Immaterielle Wirtschaftsgüter: Änderung der Kapitel I, II und VI der OECD Verrechnungsgrundsätze
Wie angekündigt, haben die G20 Finanzminister bei ihrem Treffen im australischen Ciarns am 20./21. September 2014 ein erstes Paket von Maßnahmen zum 15-Punkte umfassenden BEPS-Aktionsplan genehmigt. Im Folgenden möchten wir über die wichtigsten Eckpunkte des Arbeitspapiers zu Aktionspunkt 8 „Verrechnungspreise für immaterielle Wirtschaftgüter“ und die sich daraus ergebenden Änderungen der Kapitel I, II und VI der OECD Verrechnungspreisgrundsätze berichten.
Kurz zusammengefasst enthält das Arbeitspapier
- eine Definition von immateriellen Wirtschaftsgütern,
- Grundsätze zur Identifikation von Transaktionen, welche immaterielle Wirtschaftsgüter beinhalten,
- Ausführungen betreffend die Anwendung des Fremdvergleichsgrundsatzes bei Transaktionen mit immateriellen Wirtschaftsgütern,
- Überlegungen zur Berücksichtigung von lokalen Marktgegebenheiten und Konzernsynergien und
- zahlreiche Beispiele, die die Anwendung der Grundsätze veranschaulichen sollen.

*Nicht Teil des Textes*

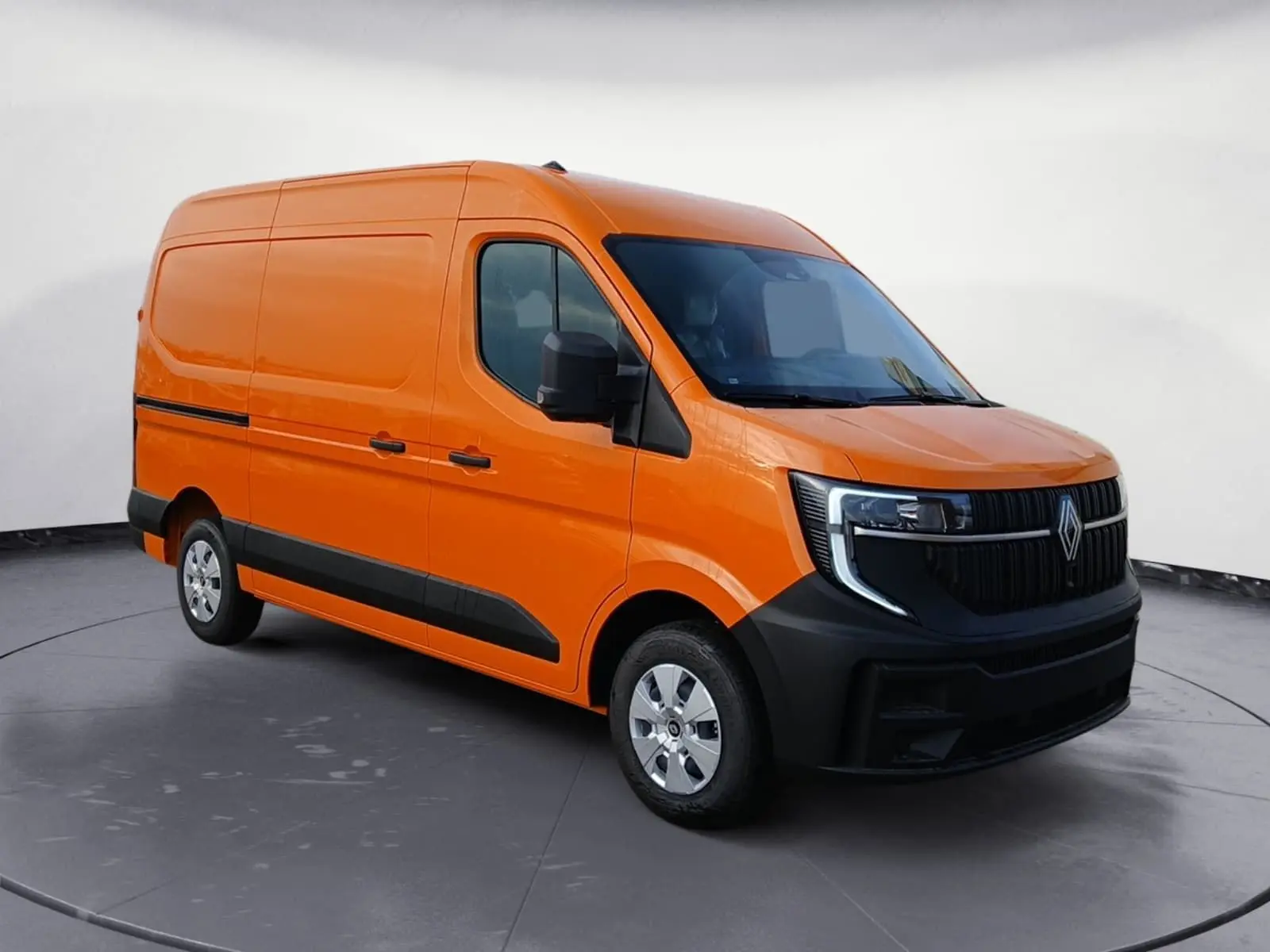 Renault Master orange en vue 3/4 avant droit, avec calandre noire et protections latérales noires.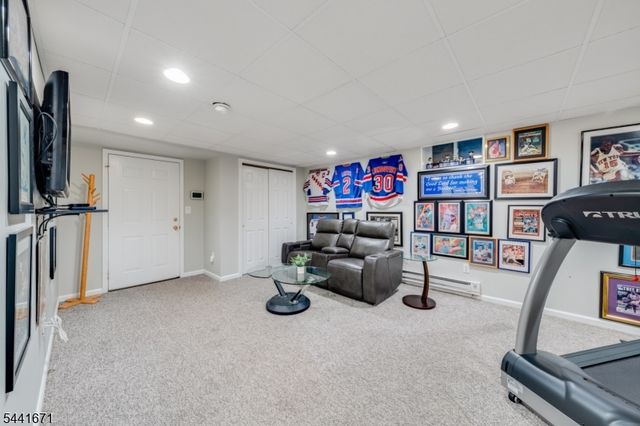 27 Harvest Ln, Livingston Twp., NJ 07039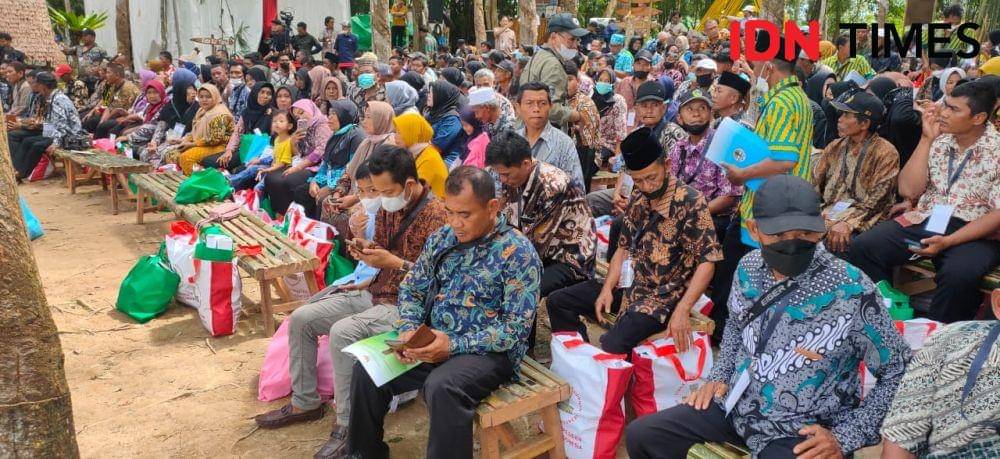 Presiden Joko "Jokowi" Widodo menyerahkan kepemilikan Perhutanan Sosial dan Tanah Objek Reforma Agraria (TORA) kepada perwakilan masyarakat adat di Balikpapan Kalimantan Timur, Rabu (22/2/2023). (IDN Times/Hilmansyah)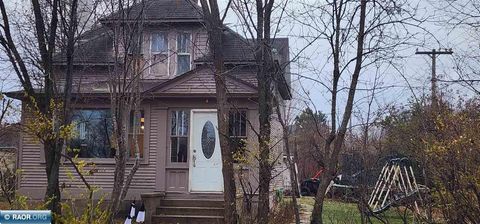 Photo of 1201 14th St, Hibbing, MN 55746 (MLS # 149438)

Einschränkend ist zu anzumerken, dass die überarbeiteten Grundsätze aufgrund der Wechselwirkungen mit anderen Aktionspunkten teilweise noch als vorläufig zu qualifizieren sind. Dies insbesondere, da einige der verrechnungspreisbezogenen Themen, die immaterielle Wirtschaftsgüter betreffen, auch Gegenstand des Aktionspunktes 9 (Risiko und Kapital) und des Aktionspunktes 10 (sonstige risikoreiche Transaktionen) sind. Maßnahmen zu diesen Aktionspunkten werden erst im Laufe des Jahres 2015 erwartet.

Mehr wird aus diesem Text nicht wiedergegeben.